Well done! You are right where I was at your age. Life is full of uncertainties. There is no such thing as a permanent job any more. You are young and have time and skills on your side. In other words, you are rich in human capital. Over time, you will be able to turn your human capital into financial capital. I suggest you add Moshe Milevsky to your author list. He's a finance prof at York University in Toronto and he writes in very understandable terms about this subject, about insurance, etc. I recommend a recent book of his: _Are you a Stock or a Bond? _


----------



## 412driver

Highly taxed Bonds and GIC's go into the RRSP....

The brokerage TFSA should be used to buy equities that would normally would incur high capital gains...

have a non-registered account to buy preferred/dividend paying shares where their tax credit comes into play....

question....instead of putting money IN the bank at 2% interest...why not buy shares OF the bank basically becoming an owner and collect higher dividends? My BMO shares are paying me over 5%! Pick a bank....they are all about the same. Oh, and my 5% of dividends is taxed alot less than your 2% interest...

good luck....


----------



## loggedout

412driver said:


> Highly taxed Bonds and GIC's go into the RRSP....
> 
> The brokerage TFSA should be used to buy equities that would normally would incur high capital gains...
> 
> have a non-registered account to buy preferred/dividend paying shares where their tax credit comes into play....
> 
> question....instead of putting money IN the bank at 2% interest...why not buy shares OF the bank basically becoming an owner and collect higher dividends? My BMO shares are paying me over 5%! Pick a bank....they are all about the same. Oh, and my 5% of dividends is taxed alot less than your 2% interest...
> 
> good luck....


Okay thanks, that strategy makes sense. What worries me about buying shares is just not knowing what and when to buy. Being a naturally pensive person, I'm not confident enough evaluator to buy stocks. I've looked at a number of stocks I've liked like FTS, BNS, TA, ENB but shied away from buying.

What about buying into Canadian Dividend ETF like CDZ? Would that be an option if I'm not comfortable with purchasing dividend paying stocks? Are the tax implications the same or different if I do it that way?


----------



## andrewf

CDZ is not a bad idea. The tax implications are essentially the same. CDZ has some income trusts mixed in, so some of the current distributions will be taxed as income (as they are not eligible dividends) or as a capital gain, but this will change in January as nearly all income trusts will convert back to corporations paying eligible dividends as a result of a change in federal tax law. 
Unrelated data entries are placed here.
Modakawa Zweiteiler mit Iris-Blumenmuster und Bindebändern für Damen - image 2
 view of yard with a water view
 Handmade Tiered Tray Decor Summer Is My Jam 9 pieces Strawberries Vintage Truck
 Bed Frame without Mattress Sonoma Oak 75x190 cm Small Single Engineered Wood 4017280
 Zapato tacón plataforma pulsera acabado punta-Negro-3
You should probably take a gander at claymore's site for cdz:
http://www.claymoreinvestments.ca/e...ed-funds/fund-details/fund-summary?ticker=CDZ

You can see what companies and sectors comprise the fund. Unsurprisingly, it is dominated by financials (banks and insurance) and energy stocks.


----------



## loggedout

Well for the sake of doing something and seeing how it goes:

I took $5k (outside of TFSA) and put into BNS, $2.5k into MCD, and 5K into CDZ with the latter two being in the TFSA. I could lose it all and I'd be pissed but it wouldn't kill me so I can live with it.

I figure these are pretty conservative companies and going with that ETF also fits in with that to an extend *maybe*. After a year, I'll reconsider but for now, I'm going to ignore it.


----------



## Cal

IMO the MCD is bet held inside your RRSP, to avoid paying the withholding taxes on dividend payments.


----------



## loggedout

Cal said:


> IMO the MCD is bet held inside your RRSP, to avoid paying the withholding taxes on dividend payments.


Yeah I didn't realize that until after. Should have done my due diligence. Oh well. This is just an experiment, I'll see what happens in a 1 year or so. Lesson learned.


----------



## loggedout

I looked over some other threads and saw people setting goals of being a millionaire by a certain age.

I wanted to know how realistic it would be for me....

My current net worth tabulation is like this:

86k	Loan *immediately returnable
63k	Savings
13k	Chequing
10k	Unreg-Investments
11k	TFSA-Investments
46k	RSSP
53k	PSSA
-4k	visa *will paid when due
----
278k

Given that, if my calculation is correct I would need at least an net growth rate of 15% or greater to reach the goal of a million by age 40 (in 10 years). That doesn't seem realistic given the expenses that may come during that time frame.


----------



## MoneyGal

1. Have you included (the discounted value of) your pension in that calculation? 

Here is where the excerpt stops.